Key Roles & Responsibilities:
- Design, implement, and maintain CI/CD pipelines using tools like Jenkins, GitLab CI/CD, ArgoCD, and Tekton.
- Deploy and manage Kubernetes clusters (EKS, AKS, GKE) and containerized workloads.
- Automate infrastructure provisioning using Terraform, Ansible, Pulumi, or CloudFormation.
- Implement observability and monitoring solutions using Prometheus, Grafana, ELK, OpenTelemetry, or Datadog.
- Ensure security best practices in DevOps, including IAM, secrets management, container security, and vulnerability scanning.
- Optimize cloud infrastructure (AWS, Azure, GCP) for performance, cost efficiency, and scalability.
- Develop and manage GitOps workflows and infrastructure-as-code (IaC) automation.
- Implement zero-downtime deployment strategies, including blue-green deployments, canary releases, and feature flags.

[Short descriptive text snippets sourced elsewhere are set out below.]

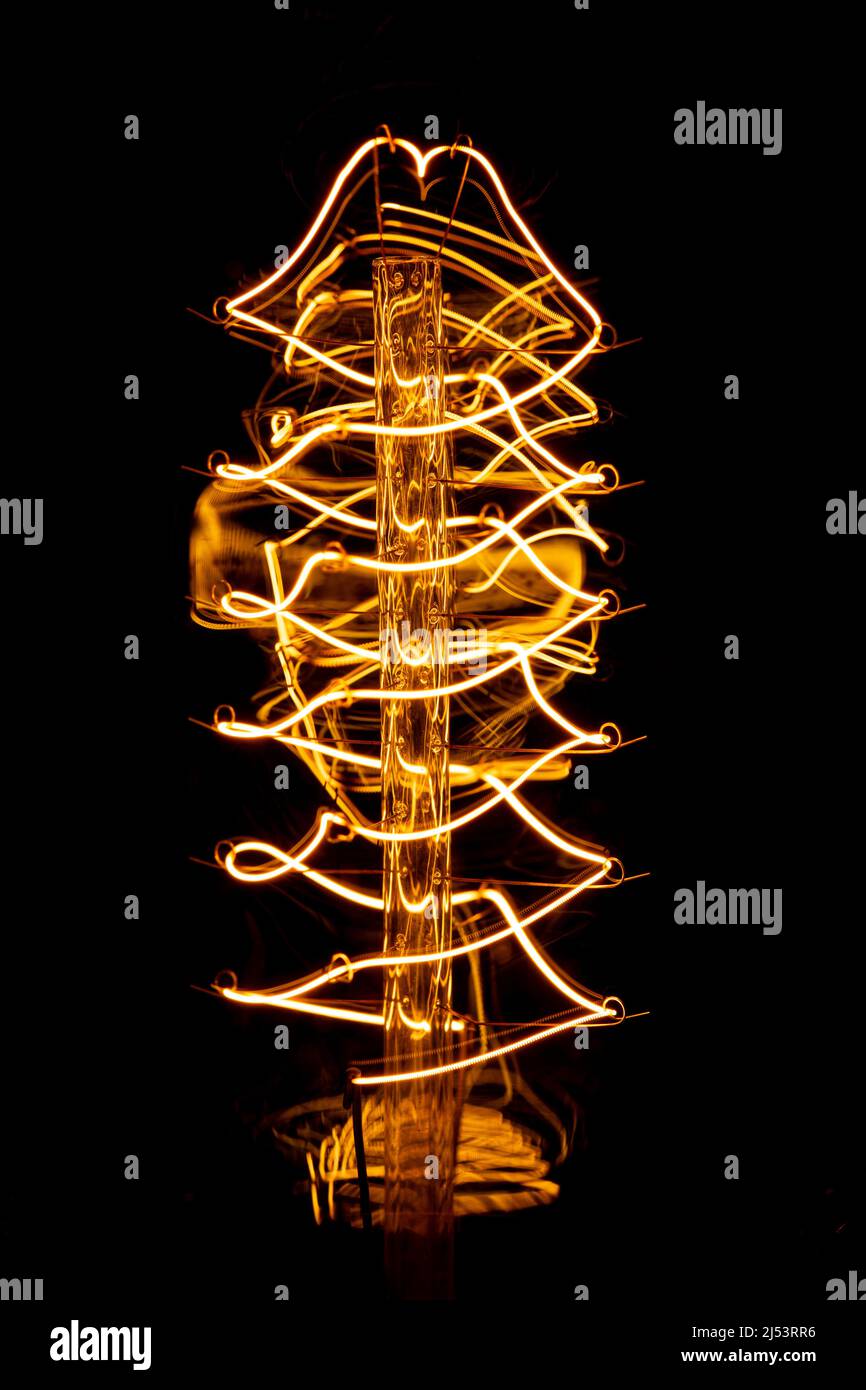 Filament light bulb vintage hi-res stock photography and images - Alamy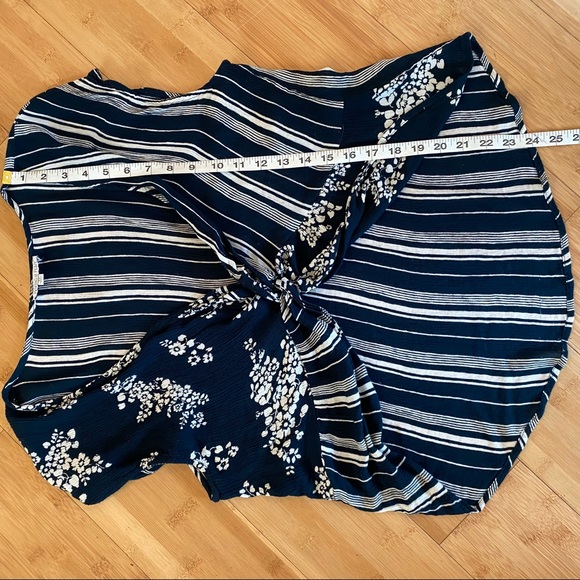 Patrons of Peace Top - Size XS - Knotted Crop Blouse - Picture 6 of 11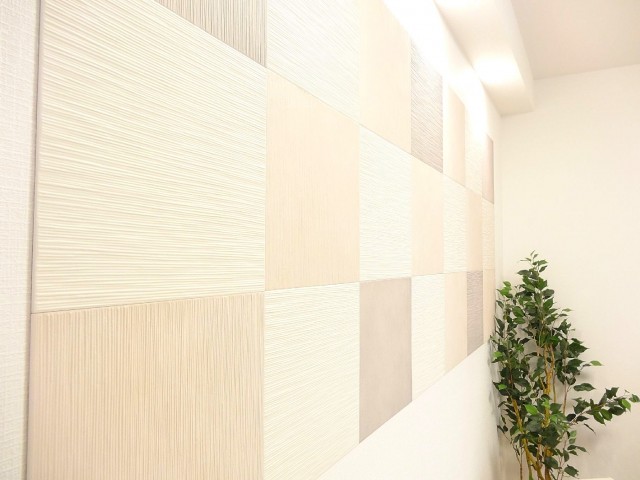 エスコートノヴェル白金高輪　壁面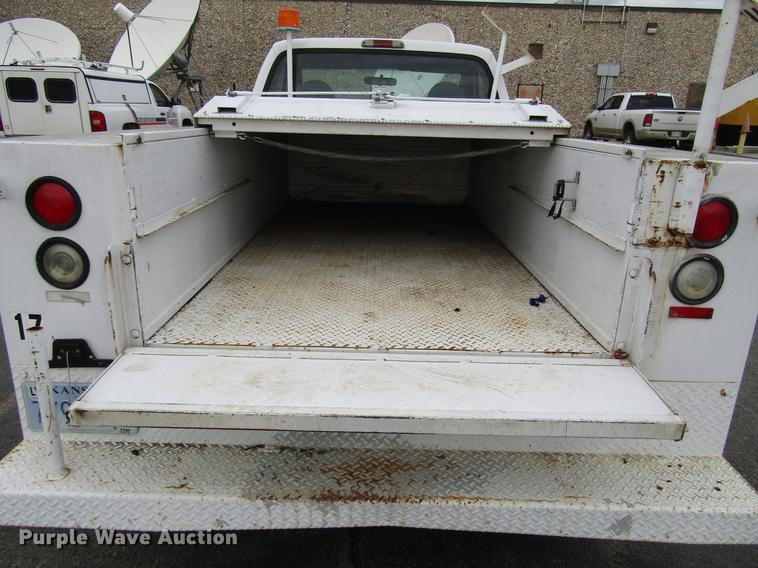 image for item DD3806 2005 Ford F250 Super Duty utility bed pickup truck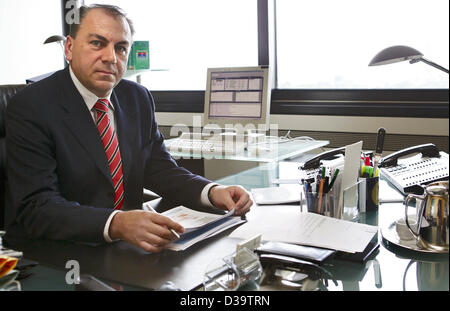 (Dpa) - das Bild zeigt den Präsidenten des deutschen Bundes Bank Axel Weber in seinem Büro Desktop in Frankfurt Main, Deutschland, 13. Juni 2005. Im Hintergrund erstreckt sich der Frankfurter Skyline. Trotz des wirtschaftlichen Abschwungs und Forderungen von Politikern hat die Notenbank ihren Leitzins nicht verändert. Stockfoto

- Work closely with development teams to optimize build pipelines, reduce deployment time, and improve system reliability.
Basic Qualifications:
- A bachelor’s or master’s degree in computer science, electronics engineering or a related field
- 8-12 years of experience in DevOps, Site Reliability Engineering (SRE), or Infrastructure Automation.
- Strong expertise in CI/CD pipelines, version control (Git), and release automation.

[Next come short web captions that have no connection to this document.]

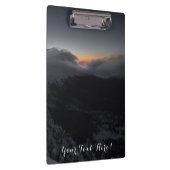 Vulkanische zonsondergang boven majestueuze bergto klembord (Rechts)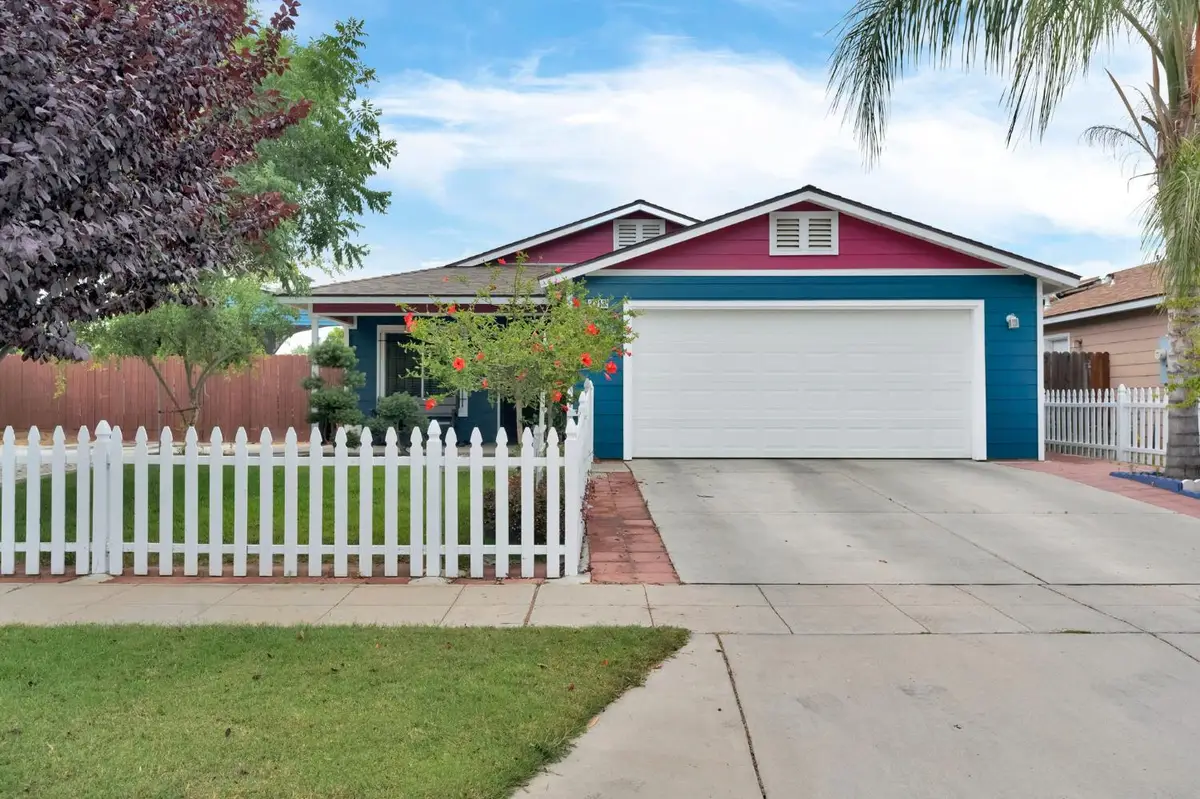 4713 E Belgravia Avenue, Fresno, CA 93725 - #1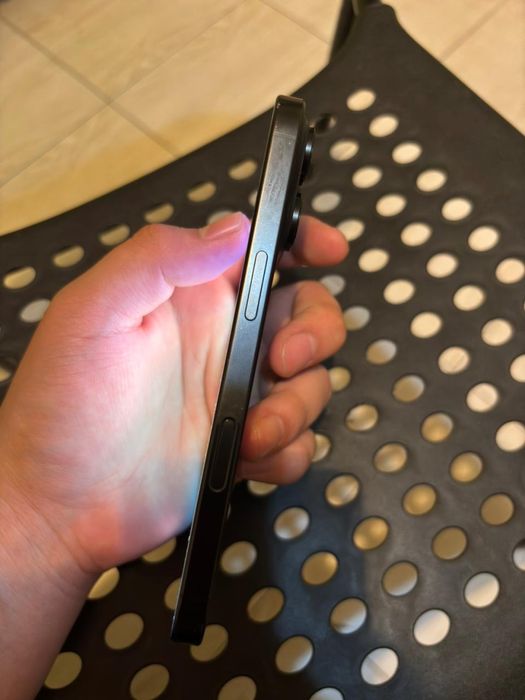 iPhone 16 pro без ремонта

- Hands-on experience with Kubernetes (EKS, AKS, GKE) and container orchestration.
- Proficiency in Terraform, Ansible for infrastructure automation.
- Experience with AWS, Azure, or GCP services (EC2, S3, IAM, VPC, Lambda, API Gateway, etc.).
- Expertise in monitoring/logging tools such as Prometheus, Grafana, ELK, OpenTelemetry, or Datadog.
- Strong scripting and automation skills in Python, Bash, or Go.
- Knowledge of secrets management tools (Vault, AWS Secrets Manager, etc.).
- Strong troubleshooting and debugging skills in distributed systems and cloud environments.
Preferred Qualifications
- Experience in FinOps Cloud Cost Optimization) and Kubernetes cluster scaling.
- Exposure to serverless architectures and event-driven workflows.
- Contributions to open-source DevOps projects.